Last night on CNN, right-wing pundit Mark Smith argued that “openly gay people” should not be allowed to serve in the military, advocating the military’s current Don’t Ask Don’t Tell policy. He argued that gay soldiers are unable to “focus” on the war, comparing gays in the military to himself in a platoon of “Hooters waitresses.”
He stated, “[F]or example, if you put me in a platoon with nothing but, let’s say, Hooter waitresses, that’s going to distract me, and I’m not going to be focused on winning the war. I am going to be focused on other things.” Watch it:
Smith gives no evidence for his claim that gays are unable to “focus on winning the war.” His analogy makes light of the work being done by U.S. troops by comparing them to Hooters waitresses, who serve food and beverages in skimpy outfits.
Smith has never served in the military. Jon Soltz, an Army captain who served in Iraq in 2003 and founded VoteVets, called Smith’s comments “ridiculous” and said, “There’s gay people that serve with us when we’re in combat. They serve well.”
Other members of the military also disagree with Smith. Last December, a Zogby Interactive poll of servicemembers who had served in Iraq or Afghanistan found 73 percent of those polled were “comfortable with lesbians and gays.” A 2004 poll found that a majority of junior enlisted servicemembers believed gays and lesbians should be allowed to serve openly in the military, up from 16 percent in 1992.
AMERICAblog’s John Aravosis also appeared in the segment and discussed the military’s policy of firing Arabic-speaking servicemembers just because they’re gay, even though there is a severe shortage of such linguists. Watch the full segment HERE.

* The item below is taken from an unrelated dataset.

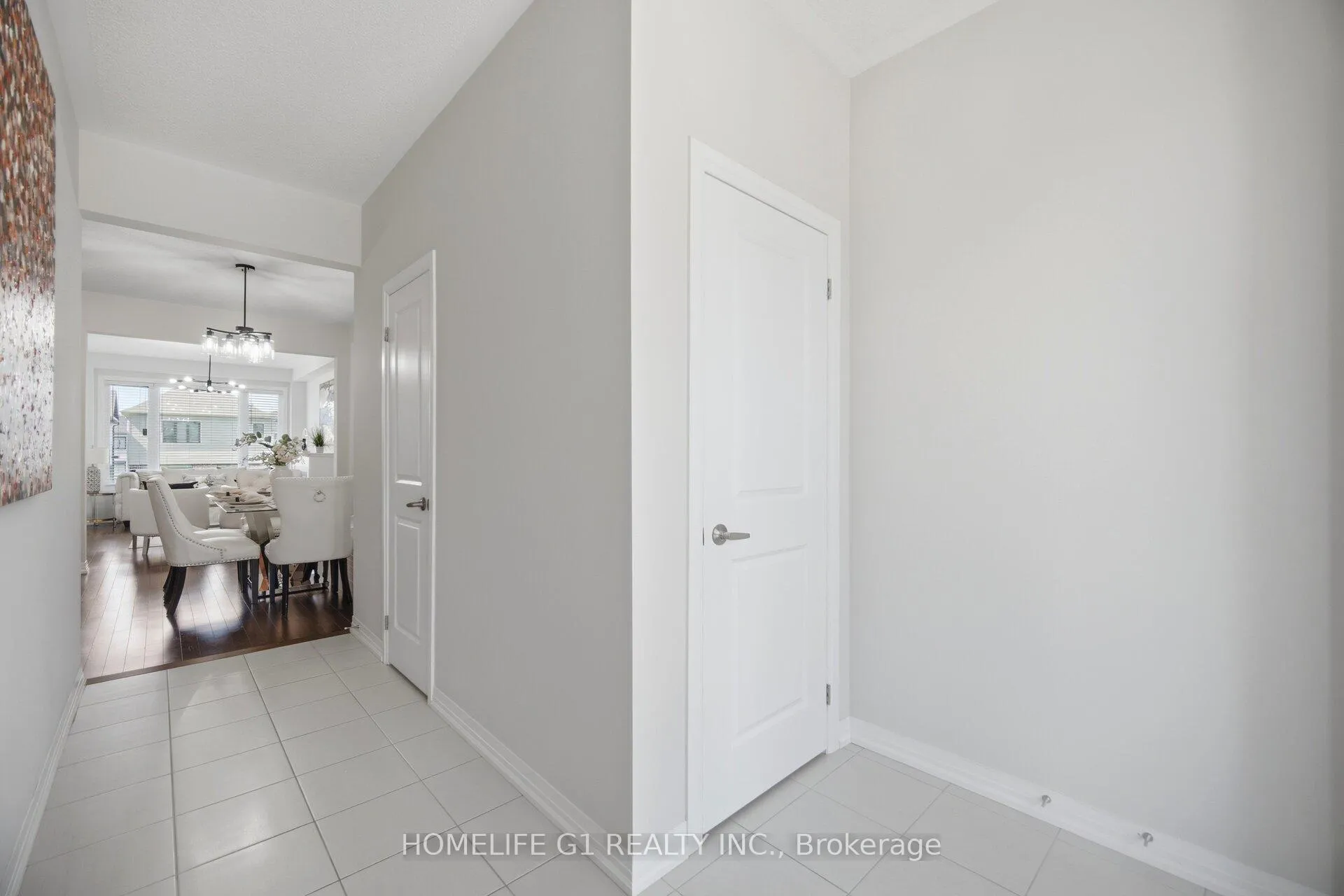 Photo 3 of 127 Fairey Crescent, Hamilton, Mount Hope — HOMEH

CHETRY: Mark, in your opinion, do you think don’t-ask/don’t-tell is successful?
MARK SMITH, CONSERVATIVE COMMENTATOR & CONSTITUTIONAL ATTORNEY: Well, I think we have to keep in mind that the military is about winning wars.
And, as a civilian, I’m not comfortable second-guessing the military with respect to military policy during a time of war. To me, putting openly gay people in the military is a social experiment. And now is not the time for it.

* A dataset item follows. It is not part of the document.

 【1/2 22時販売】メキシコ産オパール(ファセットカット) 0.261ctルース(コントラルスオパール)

But, certainly, there — there certainly are concerns about having, you know, openly gay people in the military. I mean, the example I like to give is if — for example, if you put me in a platoon with nothing but, let’s say, Hooter waitresses, that’s going to distract me, and I’m not going to be focused on winning the war. I am going to be focused on other things.
And that’s the sort of tension, that, frankly, can hurt the morale and hurt the fighting mission. So, to me, I understand what the military is getting at. And I’m not here to second-guess military decisions on these kinds of critical issues about winning wars.
SOLTZ: This is ridiculous, these — these statements you make.
I mean, I have been in combat for this country. There’s gay people that serve with us when we’re in combat. They serve well.
SMITH: That’s right. And they’re allowed to serve well.
SOLTZ: They serve well.
SMITH: But they just can’t be openly gay or engage…
SOLTZ: But the difference is that…
SMITH: … in homosexual…
SOLTZ: … when we were in combat…
SOLTZ: … and we are fighting the enemy…
SMITH: They can be in the military.
SOLTZ: … of this country in combat…
SMITH: That’s right.
SOLTZ: … they’re helping me as an officer on a battlefield. And they have done a lot more to protect this country and fight al Qaeda than you will…
SMITH: That’s right.
SOLTZ: … ever do for the rest of your life.